Even in a democratic society, some rights are too important to be left to popular vote. The founders of the United States of America knew that, and wrote these rights into the Constitution, forever protecting them from temporary majorities.

Opponents of Act 1 of 2008 have properly turned to the courts to assure that all citizens are given the equal treatment before the law that the Constitution promises. Act 1, prohibiting unmarried couples from adopting or fostering children, was approved by voters at the general election in November. It is aimed primarily at gay couples. Supporters of Act 1 would rather deny a good home to Arkansas children who need one than to grant equality to people whose sexual preference they disapprove of.

But this is not a decision they're entitled, or qualified, to make. There's no valid scientific evidence that gay couples — or unmarried heterosexuals either — cannot be good parents. Examples abound demonstrating the opposite. Adults and children from such homes are among the plaintiffs in the suit that has been filed in Pulaski Circuit Court.

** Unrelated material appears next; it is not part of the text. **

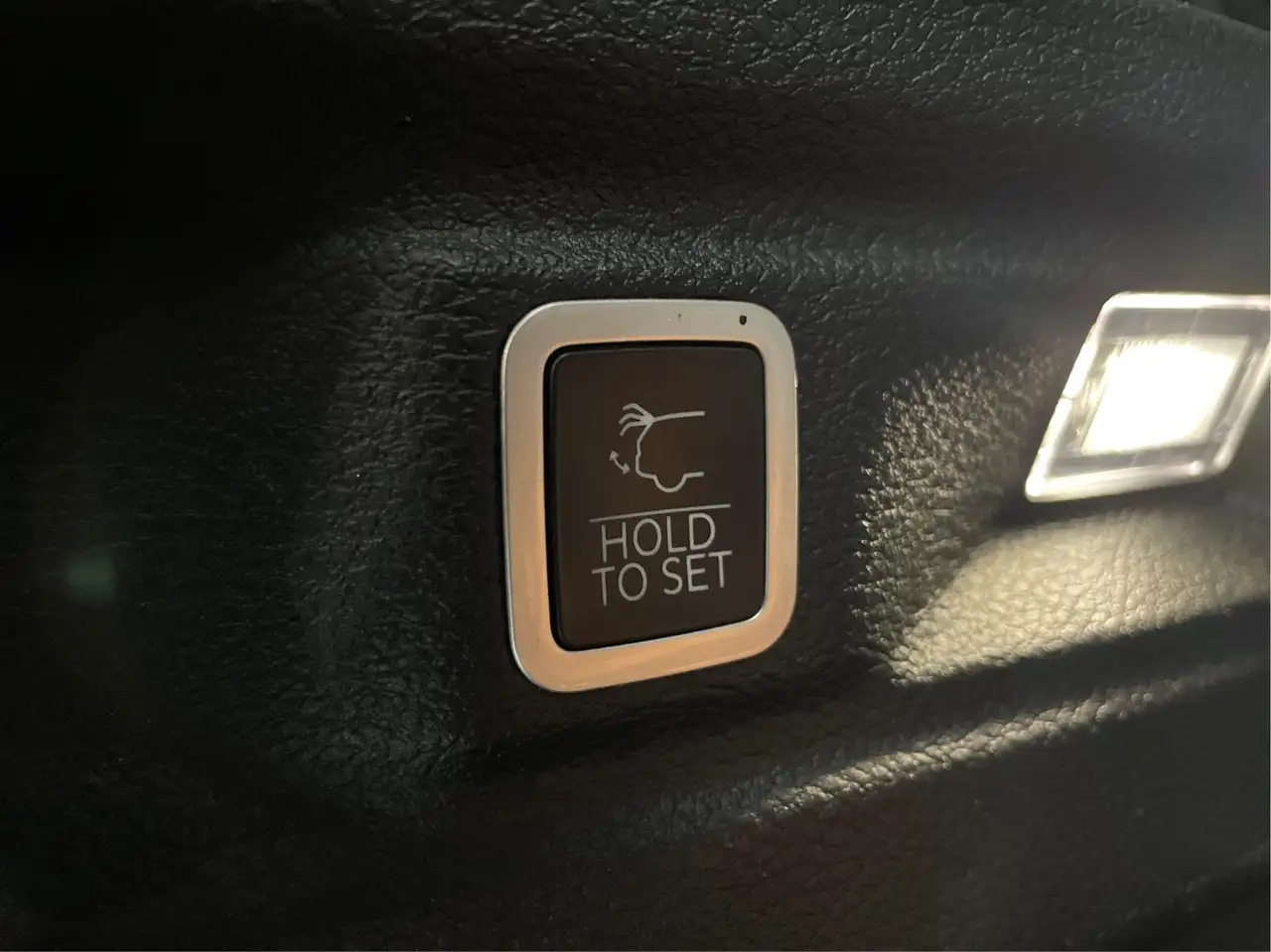 Jeep Grand Cherokee - Image 24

Decisions on who is suitable to adopt or foster children, and who isn't, should be made by trained, unbiased social workers evaluating each case independently, free of the prejudice that Act 1 would impose.


What they're about

Men who propose to limit women's rights are low creatures to begin with, and even lower when they claim to be acting out of regard for women. The same is true of white people who discriminate against black people and say they're doing it for the good of the black people. And, in the instant case, of corporate bosses who harass workers in the name of worker protection. An honest oppressor owns up to his intentions — “I hurt you to help me. Get used to it.”

Such candor is lacking in the campaign against a bill that would shield employees from hostile employers while trying to form a union. (Money, on the other hand, is something the anti-union campaign has plenty of. Big business sees to that.)

Federal law now requires an election on the question of whether workers will join a union. The labor-backed bill before Congress would allow workers to go union by signing a card, making their choice before management has a chance to intimidate them.

Anti-union ads, like a recent one aimed at Sen. Blanche Lincoln, blather about the “secret ballot,” hardly the sponsors' chief concern. They're more desirous of low wages than secret ballots.  Up to now, they've had their way in Arkansas; ours remains an anti-union, low-income state. Lincoln and Sen. Mark Pryor could vote for change.